John Raven of Johnson City, Texas was a writer, a pioneer in the barbecue and chili competition circuit, and a part-time daredevil. He passed away January 15th at the age of seventy-six.

John Raven 01

Raven was outspoken about his contributions to barbecue, and valued flair over humility whenever possible. “I know more about barbecue than anyone,” is what he wrote in the first letter to the editor I received at Texas Monthly. He was asking to be interviewed, and we met a year later over a chicken-fried steak in Johnson City. He wore a shirt that read “Wine. How classy people get s—faced.” He never acknowledged the shirt, which typified his dead-pan style of humor.

During the interview, he told me he invented event promotion as it’s done today, and a few other things that’d be hard to prove to a jury, but his contributions to barbecue weren’t trivial. In 1984 he organized a barbecue competition in Texas called the Tournament of Champions, and competitors had to qualify to be invited. This was unheard of at the time. Barbecue competitions were pure novelty back then. The KCBS had not yet been formed. Now they’ve become the dominant force in the competition world with hundreds of contests every year and events like the American Royal and The Jack serving as their own tournament of champions.

Raven got his start in barbecue competitions in the seventies in his hometown of Taylor, Texas. As Tim Mikeska, of the famous Mikeska barbecue family, recounted, “John took barbecue judging very seriously, more than anyone did back then. He would bring a notepad to the judging table and write notes about everything he sampled. Then, he would interview the other judges at his table and ask them why they liked certain entries.” He was a regular at Mikeska’s Barbecue, remembers Tim. “My earliest memory of John in the mid 60’s was him coming, almost daily, into one of my dad’s four barbecue joints in Taylor and ordering 25 cents of sausage and a Big Red soda. He’d then grab a handful of crackers and sit and talk with the locals in Taylor for a long time.

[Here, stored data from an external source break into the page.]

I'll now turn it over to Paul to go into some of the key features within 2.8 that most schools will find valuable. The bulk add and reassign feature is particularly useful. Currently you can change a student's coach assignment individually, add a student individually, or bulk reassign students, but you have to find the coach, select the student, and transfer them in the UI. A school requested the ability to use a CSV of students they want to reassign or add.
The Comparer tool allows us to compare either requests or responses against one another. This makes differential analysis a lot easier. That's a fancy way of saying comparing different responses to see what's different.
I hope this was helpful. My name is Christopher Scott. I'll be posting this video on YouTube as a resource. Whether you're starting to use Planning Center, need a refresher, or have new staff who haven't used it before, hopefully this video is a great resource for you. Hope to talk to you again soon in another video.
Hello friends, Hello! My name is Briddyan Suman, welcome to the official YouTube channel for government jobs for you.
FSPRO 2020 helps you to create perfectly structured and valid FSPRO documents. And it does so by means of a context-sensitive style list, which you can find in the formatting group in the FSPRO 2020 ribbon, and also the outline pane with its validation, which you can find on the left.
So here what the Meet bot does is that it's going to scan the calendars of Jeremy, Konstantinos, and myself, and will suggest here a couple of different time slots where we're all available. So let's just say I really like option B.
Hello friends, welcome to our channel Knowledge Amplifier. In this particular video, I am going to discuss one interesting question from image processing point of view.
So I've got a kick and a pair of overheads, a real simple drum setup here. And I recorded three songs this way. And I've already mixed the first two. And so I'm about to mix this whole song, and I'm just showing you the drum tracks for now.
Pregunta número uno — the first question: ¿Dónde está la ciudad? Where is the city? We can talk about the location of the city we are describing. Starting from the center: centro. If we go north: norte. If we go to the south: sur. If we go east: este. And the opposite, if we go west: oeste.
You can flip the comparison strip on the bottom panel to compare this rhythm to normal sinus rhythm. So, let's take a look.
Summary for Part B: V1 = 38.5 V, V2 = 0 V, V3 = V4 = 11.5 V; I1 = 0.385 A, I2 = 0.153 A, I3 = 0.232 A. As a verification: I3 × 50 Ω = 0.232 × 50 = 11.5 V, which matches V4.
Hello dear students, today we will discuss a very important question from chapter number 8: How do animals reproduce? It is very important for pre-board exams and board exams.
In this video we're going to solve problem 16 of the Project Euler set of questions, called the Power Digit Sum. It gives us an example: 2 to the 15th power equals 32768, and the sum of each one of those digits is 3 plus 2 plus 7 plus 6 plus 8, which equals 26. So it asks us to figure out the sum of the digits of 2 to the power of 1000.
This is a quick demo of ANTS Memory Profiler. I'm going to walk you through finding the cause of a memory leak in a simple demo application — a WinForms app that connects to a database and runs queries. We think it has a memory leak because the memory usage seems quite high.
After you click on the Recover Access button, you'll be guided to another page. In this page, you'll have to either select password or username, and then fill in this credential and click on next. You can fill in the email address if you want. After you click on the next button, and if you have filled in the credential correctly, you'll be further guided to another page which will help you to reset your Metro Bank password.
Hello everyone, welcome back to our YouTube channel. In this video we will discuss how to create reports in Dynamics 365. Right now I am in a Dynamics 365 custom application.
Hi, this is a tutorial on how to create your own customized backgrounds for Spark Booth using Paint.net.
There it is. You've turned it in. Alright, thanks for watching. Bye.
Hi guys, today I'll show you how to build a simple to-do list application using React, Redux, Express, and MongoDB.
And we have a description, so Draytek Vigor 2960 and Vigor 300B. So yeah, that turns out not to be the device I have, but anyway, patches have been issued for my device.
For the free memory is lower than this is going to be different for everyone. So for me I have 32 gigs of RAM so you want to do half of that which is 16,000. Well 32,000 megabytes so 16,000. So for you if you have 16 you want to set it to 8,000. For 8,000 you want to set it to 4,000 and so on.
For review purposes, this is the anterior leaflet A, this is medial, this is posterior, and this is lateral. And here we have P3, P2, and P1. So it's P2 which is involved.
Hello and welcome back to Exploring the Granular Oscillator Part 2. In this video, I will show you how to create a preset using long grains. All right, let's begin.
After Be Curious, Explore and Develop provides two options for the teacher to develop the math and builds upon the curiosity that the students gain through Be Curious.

He loved to talk.”

After leaving Taylor, he bounced around Central Texas working construction and fixing cars before heading to Luckenbach, Texas. He called it his “spiritual home,” but he was homeless when he moved there. Raven lived in a barn while working odd jobs like mowing lawns, but he soon found a way to use his real calling as a showman, and bring back Bad McFad.

rgz john raven 09
Photo of Bad McFad provided by John RavenAn picture of John Raven, a short film maker, world chili expert, and former Bad McFad Dare Devil stuntman, circa late 1970's copied at his home in Johnson City, Texas on Monday, October 16, 2011. (Austin American-Statesman/Rodolfo Gonzalez

Former Luckenbach mayor VelAnne Howle remembers Raven and McFad fondly from those days. “He was a hilarious person.” As Bad McFad, an alter-ego twenty years in the making, he would shoot himself out of a cannon in Luckenbach. As Howle recalls, “it was really just three fifty-five gallon drums that they’d welded together. They lit a big smoke bomb, and he came out of it and rolled around.” He soon gave up his daredevil act and in 1993 he revived the Luckenbach Moon, a bi-monthly newsletter in the tiny Hill Country town where “everybody’s somebody.”

It was around that time that Raven began referring to himself as “The Commissioner of Barbecue.” His old friend and fellow barbecue personality Ardie Davis, aka Remus Powers, said he always assumed the title was self-declared, but Davis did eventually bestow a “Doctor of Barbecue Philosophy” or PhB upon Raven. Tim Mikeska recalls when he himself was awarded the title of “Commissioner of Barbeque” by the state of Texas in 2004, and he got a call from an agitated Raven. “He asked if I would be using the title ‘Commissioner’ and I said ‘No.’ He then replied, ‘Good. Then it won’t be so confusing.’ I still laugh about that conversation.”

VelAnne Howle spent time with John Raven during his final days. He didn’t take to confinement easily, and planned an escape from his nursing home, but only after repeatedly reporting his kidnapping to the local police. Raven wheeled himself out of the home at midnight in thirty-six degree weather. His freedom was short-lived when the staff found the wheelchair overturned on the sidewalk an Raven lying next to it. When hospice took over, VelAnne Howle, Kathleen Hughes, and the rest of the “Big Breasted Hill Country Earth Mamas” were there to comfort him. On his final day they called the local radio station and requested all of Raven’s favorites. After he passed, Ardie Davis quipped that “Bad McFad’s rocket has finally launched.”

To have a conversation with Raven was the only way to appreciate his humor doled out in a slow drawl. The best we can do now is to just listen, so I’ll leave you this video about the Hill Country that John Raven submitted to a Texas Monthly video contest in 2011. He’d appreciate us all getting a good chuckle out of it today.

*This story has been updated from the original with additional details from VelAnne Howle.